"Sikap tidak etis DPR yang diwakili oleh Arteria Dahlan dalam agenda sidang mendengarkan Keterangan DPR, yang lebih terkesan mewakili Fraksi PDIP karena lebih menjelaskan pandangan Fraksi PDIP dan mengkritisi fraksi-fraksi lain. Hal ini dibuktikan dengan keterangan yang disampaikan oleh Arteria Dahlan dalam persidangan sangat berbeda dengan Keterangan tertulis DPR RI," tutur dia.
Sorotan KEPAL juga menyasar pada ketidakcakapan DPR terhadap hukum acara di Mahkamah Konstitusi. Sebab, DPR tidak mampu membedakan antara kapasitas DPR sebagai pihak/prinsipal dan sebagai saksi.
"Atas fakta itu, para pemohon keberatan dengan saksi yang diajukan oleh DPR dalam agenda mendengarkan keterangan saksi.

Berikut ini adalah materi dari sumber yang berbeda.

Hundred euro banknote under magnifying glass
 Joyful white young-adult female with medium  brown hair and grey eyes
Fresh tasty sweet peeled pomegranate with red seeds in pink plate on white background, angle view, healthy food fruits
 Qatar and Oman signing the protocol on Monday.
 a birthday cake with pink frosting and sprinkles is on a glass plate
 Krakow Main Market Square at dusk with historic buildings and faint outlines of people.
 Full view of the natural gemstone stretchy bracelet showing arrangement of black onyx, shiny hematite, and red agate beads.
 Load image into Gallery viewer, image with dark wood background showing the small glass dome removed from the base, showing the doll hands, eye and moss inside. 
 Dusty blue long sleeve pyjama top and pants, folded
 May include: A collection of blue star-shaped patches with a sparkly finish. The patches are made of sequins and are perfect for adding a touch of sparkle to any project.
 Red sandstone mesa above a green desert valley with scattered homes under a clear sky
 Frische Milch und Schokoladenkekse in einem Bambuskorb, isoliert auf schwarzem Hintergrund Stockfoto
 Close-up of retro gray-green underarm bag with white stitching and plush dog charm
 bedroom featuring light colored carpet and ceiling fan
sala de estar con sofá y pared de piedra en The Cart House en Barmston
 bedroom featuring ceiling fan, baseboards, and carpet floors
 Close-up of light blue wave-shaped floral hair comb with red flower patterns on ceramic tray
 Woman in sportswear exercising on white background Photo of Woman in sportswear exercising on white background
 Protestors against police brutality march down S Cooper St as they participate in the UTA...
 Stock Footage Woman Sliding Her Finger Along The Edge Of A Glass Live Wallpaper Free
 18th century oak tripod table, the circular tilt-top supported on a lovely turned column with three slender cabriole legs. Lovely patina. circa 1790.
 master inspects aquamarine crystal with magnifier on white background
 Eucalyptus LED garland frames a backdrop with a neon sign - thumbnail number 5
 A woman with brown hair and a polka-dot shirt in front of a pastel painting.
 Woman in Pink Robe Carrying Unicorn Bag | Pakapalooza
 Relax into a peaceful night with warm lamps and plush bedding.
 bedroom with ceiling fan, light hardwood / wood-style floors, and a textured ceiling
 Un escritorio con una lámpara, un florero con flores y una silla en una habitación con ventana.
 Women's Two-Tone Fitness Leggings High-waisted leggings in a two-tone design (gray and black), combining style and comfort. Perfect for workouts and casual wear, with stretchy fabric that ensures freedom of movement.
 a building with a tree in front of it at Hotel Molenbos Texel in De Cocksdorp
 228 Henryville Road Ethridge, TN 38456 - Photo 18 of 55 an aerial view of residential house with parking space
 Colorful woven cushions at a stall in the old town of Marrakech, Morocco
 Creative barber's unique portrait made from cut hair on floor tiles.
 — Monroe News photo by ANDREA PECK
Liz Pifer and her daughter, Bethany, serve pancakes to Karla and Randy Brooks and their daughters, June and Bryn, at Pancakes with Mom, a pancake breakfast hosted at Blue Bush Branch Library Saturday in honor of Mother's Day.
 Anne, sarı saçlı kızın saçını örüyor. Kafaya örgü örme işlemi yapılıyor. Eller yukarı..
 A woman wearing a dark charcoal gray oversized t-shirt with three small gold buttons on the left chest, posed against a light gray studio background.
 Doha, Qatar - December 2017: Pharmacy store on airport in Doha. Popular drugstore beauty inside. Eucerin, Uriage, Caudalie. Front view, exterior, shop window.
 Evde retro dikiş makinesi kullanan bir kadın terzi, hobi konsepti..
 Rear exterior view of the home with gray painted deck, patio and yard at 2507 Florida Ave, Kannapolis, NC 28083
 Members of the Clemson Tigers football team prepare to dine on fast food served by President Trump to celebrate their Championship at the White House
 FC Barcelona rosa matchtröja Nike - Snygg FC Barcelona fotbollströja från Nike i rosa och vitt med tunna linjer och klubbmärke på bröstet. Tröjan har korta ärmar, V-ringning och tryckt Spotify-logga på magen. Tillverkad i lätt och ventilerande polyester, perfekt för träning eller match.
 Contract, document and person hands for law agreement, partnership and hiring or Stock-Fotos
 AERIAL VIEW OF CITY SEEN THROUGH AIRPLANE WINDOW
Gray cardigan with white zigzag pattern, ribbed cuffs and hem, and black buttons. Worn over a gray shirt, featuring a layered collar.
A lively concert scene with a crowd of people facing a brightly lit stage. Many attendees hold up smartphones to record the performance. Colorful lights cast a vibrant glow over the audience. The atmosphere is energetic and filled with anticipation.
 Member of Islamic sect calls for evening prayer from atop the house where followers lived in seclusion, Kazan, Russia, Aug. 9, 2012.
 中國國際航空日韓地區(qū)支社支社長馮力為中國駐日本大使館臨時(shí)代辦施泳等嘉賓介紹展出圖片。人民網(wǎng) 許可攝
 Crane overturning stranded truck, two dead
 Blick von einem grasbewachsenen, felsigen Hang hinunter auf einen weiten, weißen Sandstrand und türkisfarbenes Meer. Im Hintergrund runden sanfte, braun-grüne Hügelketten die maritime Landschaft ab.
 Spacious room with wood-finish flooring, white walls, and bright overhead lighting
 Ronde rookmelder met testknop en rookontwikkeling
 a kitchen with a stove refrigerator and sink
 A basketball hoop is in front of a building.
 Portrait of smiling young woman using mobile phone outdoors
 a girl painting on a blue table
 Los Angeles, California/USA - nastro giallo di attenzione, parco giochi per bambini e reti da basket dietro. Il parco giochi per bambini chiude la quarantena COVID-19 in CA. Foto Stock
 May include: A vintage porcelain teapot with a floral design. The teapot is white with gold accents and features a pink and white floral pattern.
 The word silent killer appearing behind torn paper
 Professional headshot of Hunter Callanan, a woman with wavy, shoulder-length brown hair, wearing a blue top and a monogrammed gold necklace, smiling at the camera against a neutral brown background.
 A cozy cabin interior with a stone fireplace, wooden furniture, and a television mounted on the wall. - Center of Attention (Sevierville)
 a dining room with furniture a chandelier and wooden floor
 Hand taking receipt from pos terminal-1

Sebab, hal itu telah melanggar hukum acara MK, pelanggaran terhadap asas objektivitas dari Saksi yang merupakan anggota DPR aktif yang masih menjabat, hingga pelanggaran terhadap prinsip imparsialitas dalam persidangan MK," jelas Lodji.
KEPAL juga memandang jika kejanggalan dalam proses pembentukan Undang-Undang Cipta Kerja terkorfirmasi dalam persidangan di MK. Merujuk pada bukti yang diajukan pemerintah serta keterangan saksi, yakni Yorrys Raweyai, Haiyani Rumondang, Said Iqbal, pada pokoknya menerangkan bahwa belum pernah menerima dan mempelajari Naskah Akademik RUU Cipta Kerja dalam setiap pembahasan yang diikuti oleh para saksi.
"Bahkan dalam keterangan saksi Said Iqbal dalam rapat pertama di Kementerian Tenaga Kerja pada tanggal 3 juli 2020 mengungkapkan bahwa wakil ketua DPR dan ketua Panja Baleg pembahasan RUU bahkan tidak ada dan tidak menerima Naskah Akademik RUU Cipta Kerja," tegas Lodji.